Dataset records
________________________________________

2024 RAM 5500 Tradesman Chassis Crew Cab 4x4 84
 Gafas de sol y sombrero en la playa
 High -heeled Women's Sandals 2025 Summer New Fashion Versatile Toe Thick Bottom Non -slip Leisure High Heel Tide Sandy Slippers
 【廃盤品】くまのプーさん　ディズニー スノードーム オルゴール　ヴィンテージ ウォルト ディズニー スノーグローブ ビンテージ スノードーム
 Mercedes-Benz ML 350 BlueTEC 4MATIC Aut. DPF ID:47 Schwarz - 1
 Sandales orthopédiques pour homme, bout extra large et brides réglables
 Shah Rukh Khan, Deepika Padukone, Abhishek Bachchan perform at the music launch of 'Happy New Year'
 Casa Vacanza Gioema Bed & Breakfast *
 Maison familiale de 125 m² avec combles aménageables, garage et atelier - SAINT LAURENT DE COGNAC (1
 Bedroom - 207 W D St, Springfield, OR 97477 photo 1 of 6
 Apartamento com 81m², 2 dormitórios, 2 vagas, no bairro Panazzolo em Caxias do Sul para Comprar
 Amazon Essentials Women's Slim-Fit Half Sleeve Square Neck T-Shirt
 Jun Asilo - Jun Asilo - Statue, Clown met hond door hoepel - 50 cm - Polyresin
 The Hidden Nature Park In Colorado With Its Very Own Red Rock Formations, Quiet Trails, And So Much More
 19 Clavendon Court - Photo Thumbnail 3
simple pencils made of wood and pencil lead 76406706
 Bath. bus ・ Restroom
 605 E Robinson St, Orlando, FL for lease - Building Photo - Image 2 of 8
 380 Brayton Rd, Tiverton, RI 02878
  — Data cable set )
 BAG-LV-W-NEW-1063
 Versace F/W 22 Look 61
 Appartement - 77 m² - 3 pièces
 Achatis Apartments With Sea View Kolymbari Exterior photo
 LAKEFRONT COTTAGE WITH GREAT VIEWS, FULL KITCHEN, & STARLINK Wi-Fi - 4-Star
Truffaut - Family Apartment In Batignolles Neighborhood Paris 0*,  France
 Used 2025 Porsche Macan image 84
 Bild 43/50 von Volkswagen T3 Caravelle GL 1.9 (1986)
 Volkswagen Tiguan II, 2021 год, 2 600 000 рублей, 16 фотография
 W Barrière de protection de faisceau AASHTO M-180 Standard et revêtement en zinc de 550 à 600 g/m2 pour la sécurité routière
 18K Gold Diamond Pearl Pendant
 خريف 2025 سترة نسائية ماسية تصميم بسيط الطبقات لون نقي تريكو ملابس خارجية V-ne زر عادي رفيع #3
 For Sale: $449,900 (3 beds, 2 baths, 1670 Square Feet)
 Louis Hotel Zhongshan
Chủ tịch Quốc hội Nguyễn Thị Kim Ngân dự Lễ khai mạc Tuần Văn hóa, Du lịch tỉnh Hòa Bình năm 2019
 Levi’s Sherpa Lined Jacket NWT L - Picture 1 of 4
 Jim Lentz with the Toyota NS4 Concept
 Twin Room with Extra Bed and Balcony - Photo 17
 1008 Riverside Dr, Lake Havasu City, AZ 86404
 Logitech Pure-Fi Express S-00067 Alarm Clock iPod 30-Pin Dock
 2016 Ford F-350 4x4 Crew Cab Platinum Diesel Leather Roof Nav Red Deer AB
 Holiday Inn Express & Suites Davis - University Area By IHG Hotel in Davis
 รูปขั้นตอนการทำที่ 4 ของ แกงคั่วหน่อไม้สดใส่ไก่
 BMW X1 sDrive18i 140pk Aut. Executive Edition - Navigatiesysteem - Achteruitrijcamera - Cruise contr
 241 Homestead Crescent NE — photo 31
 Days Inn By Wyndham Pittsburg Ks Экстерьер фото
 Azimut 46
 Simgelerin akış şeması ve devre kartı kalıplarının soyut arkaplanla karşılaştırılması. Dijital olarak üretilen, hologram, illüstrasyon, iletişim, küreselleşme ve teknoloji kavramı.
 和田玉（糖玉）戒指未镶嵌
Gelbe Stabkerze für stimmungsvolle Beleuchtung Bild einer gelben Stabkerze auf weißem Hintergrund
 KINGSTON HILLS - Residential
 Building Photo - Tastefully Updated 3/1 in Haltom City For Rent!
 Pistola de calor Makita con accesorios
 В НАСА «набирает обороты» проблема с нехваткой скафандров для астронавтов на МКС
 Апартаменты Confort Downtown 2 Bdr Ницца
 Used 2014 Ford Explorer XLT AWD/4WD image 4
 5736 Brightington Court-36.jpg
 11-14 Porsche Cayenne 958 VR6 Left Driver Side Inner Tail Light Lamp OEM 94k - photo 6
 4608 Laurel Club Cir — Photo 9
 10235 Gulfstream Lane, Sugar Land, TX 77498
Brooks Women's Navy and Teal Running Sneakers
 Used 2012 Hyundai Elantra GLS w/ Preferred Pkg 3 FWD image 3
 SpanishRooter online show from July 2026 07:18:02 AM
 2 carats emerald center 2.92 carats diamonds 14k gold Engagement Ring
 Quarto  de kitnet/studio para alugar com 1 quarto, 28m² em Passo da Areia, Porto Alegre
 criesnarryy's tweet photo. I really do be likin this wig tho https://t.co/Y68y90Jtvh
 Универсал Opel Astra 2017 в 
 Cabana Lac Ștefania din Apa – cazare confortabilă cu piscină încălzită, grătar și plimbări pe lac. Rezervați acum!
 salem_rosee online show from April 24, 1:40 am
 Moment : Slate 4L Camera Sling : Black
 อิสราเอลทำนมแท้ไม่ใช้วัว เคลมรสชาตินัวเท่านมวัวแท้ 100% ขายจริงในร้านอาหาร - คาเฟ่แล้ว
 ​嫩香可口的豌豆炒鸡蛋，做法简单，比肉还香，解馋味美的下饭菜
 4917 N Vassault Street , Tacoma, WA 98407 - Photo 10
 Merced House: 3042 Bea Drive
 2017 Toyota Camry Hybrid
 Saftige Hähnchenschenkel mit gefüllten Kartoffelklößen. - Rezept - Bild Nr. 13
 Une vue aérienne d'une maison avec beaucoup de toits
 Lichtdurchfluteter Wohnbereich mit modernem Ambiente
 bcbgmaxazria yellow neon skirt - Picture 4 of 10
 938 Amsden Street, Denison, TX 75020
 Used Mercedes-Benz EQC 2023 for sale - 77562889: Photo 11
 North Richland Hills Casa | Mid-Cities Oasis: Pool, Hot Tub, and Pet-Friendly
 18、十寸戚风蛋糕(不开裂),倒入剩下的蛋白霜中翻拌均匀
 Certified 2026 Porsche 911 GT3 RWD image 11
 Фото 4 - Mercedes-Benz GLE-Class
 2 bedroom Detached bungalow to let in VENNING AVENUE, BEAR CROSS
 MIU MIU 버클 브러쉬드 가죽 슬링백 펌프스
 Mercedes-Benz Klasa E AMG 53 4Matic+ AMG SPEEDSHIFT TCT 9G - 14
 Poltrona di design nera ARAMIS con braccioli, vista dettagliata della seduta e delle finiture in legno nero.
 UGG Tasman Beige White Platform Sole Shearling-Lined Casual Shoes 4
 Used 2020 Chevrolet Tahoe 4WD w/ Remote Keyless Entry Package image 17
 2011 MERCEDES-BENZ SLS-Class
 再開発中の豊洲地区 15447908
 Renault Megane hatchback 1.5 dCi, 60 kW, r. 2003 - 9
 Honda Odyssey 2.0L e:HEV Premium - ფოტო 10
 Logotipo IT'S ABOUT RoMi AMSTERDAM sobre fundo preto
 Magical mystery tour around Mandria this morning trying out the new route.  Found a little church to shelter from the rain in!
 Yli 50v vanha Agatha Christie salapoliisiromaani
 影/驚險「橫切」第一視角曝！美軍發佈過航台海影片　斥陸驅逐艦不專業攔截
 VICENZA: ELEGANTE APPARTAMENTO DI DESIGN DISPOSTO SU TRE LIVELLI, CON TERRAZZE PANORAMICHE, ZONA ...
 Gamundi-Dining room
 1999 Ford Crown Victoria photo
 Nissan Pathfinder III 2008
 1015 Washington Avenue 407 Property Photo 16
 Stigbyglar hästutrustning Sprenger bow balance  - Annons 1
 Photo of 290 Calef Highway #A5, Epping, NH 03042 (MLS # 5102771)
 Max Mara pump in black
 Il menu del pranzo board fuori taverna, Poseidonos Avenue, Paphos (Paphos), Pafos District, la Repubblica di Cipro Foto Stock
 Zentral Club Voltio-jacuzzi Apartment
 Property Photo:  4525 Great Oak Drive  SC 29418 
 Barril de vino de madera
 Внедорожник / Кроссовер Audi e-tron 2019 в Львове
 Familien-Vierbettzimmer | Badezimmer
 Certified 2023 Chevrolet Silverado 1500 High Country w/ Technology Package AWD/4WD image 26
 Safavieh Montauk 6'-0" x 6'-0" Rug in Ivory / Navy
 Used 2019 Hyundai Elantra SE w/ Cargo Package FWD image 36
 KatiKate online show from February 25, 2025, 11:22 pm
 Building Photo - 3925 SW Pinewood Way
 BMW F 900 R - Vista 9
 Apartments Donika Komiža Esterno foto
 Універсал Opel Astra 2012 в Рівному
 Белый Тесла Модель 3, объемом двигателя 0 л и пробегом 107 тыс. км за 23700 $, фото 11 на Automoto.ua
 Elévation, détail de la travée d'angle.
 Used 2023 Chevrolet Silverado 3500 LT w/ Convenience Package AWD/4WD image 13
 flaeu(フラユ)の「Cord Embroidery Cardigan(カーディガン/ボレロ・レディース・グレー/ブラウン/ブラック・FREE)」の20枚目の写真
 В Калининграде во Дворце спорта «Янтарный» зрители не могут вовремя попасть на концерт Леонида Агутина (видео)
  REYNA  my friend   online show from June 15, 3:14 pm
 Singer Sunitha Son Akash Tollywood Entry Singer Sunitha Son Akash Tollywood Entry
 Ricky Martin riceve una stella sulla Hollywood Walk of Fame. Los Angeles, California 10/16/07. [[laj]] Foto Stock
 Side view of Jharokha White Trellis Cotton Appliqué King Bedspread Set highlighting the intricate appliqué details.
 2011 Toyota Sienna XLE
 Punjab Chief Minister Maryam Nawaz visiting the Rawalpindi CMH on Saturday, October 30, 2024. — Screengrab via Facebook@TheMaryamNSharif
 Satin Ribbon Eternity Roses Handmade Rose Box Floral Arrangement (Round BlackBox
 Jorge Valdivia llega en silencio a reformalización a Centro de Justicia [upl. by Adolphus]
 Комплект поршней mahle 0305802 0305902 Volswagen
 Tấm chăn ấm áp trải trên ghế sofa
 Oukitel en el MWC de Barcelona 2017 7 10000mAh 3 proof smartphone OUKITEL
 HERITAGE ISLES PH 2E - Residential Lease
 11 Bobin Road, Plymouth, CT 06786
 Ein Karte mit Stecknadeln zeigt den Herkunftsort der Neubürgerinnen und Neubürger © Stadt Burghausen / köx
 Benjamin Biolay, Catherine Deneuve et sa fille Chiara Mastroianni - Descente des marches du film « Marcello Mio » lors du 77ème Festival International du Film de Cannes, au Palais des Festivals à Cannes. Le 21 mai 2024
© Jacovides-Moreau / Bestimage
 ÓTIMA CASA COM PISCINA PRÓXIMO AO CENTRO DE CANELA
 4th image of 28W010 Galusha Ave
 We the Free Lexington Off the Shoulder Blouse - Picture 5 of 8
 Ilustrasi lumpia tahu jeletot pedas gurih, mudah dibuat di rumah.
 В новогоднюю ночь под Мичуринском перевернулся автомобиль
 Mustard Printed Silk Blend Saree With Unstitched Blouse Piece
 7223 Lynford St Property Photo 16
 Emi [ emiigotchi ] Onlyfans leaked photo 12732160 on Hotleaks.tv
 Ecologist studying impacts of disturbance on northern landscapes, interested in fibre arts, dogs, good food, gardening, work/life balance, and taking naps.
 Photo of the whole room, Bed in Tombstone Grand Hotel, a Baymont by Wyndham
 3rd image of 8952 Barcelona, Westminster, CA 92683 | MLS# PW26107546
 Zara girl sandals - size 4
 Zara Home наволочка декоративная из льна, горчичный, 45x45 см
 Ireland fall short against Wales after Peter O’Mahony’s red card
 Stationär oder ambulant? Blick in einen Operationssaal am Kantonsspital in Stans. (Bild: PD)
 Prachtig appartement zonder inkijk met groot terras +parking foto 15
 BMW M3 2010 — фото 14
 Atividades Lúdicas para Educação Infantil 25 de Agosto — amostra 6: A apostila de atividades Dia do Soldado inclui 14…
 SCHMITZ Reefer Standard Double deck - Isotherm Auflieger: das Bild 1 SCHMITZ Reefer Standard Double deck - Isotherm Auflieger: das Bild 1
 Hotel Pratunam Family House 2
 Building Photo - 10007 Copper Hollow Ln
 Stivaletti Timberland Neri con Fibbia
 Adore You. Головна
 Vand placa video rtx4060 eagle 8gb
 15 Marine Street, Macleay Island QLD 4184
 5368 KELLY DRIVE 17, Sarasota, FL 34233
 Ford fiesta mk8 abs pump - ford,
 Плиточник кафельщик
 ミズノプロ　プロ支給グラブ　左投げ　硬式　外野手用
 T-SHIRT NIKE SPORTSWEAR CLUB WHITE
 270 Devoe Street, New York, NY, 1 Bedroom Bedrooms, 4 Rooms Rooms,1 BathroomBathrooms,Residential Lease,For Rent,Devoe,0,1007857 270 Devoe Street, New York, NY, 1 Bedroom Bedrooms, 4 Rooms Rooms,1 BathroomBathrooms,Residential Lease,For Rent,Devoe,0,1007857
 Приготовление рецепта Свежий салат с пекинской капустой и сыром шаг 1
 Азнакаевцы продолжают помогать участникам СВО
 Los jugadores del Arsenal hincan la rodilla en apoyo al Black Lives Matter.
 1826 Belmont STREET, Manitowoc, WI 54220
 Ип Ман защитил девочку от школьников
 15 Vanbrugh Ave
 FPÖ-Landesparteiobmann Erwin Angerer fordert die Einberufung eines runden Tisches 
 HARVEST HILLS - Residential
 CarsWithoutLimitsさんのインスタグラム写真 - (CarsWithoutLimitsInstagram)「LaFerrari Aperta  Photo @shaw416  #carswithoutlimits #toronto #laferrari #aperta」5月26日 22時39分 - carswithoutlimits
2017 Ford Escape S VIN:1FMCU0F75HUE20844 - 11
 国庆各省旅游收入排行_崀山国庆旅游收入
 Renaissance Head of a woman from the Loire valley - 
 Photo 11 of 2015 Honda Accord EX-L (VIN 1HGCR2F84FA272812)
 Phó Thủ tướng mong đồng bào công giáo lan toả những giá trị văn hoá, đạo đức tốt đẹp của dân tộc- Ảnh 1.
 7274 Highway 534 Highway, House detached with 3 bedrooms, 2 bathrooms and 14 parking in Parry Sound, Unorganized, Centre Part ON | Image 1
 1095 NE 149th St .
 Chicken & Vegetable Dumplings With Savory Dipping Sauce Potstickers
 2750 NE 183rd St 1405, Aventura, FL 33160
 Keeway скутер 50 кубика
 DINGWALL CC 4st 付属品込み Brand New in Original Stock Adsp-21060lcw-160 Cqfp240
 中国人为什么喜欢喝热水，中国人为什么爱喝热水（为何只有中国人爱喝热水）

________________________________________

Return exactly the lines above from the line that has "Appartement - 77 m² - 3 pièces" through the line that has "Bild 43/50 von", inclusive, and nothing else.

* [ANSWER SECTION]:
 Appartement - 77 m² - 3 pièces
 Achatis Apartments With Sea View Kolymbari Exterior photo
 LAKEFRONT COTTAGE WITH GREAT VIEWS, FULL KITCHEN, & STARLINK Wi-Fi - 4-Star
Truffaut - Family Apartment In Batignolles Neighborhood Paris 0*,  France
 Used 2025 Porsche Macan image 84
 Bild 43/50 von Volkswagen T3 Caravelle GL 1.9 (1986)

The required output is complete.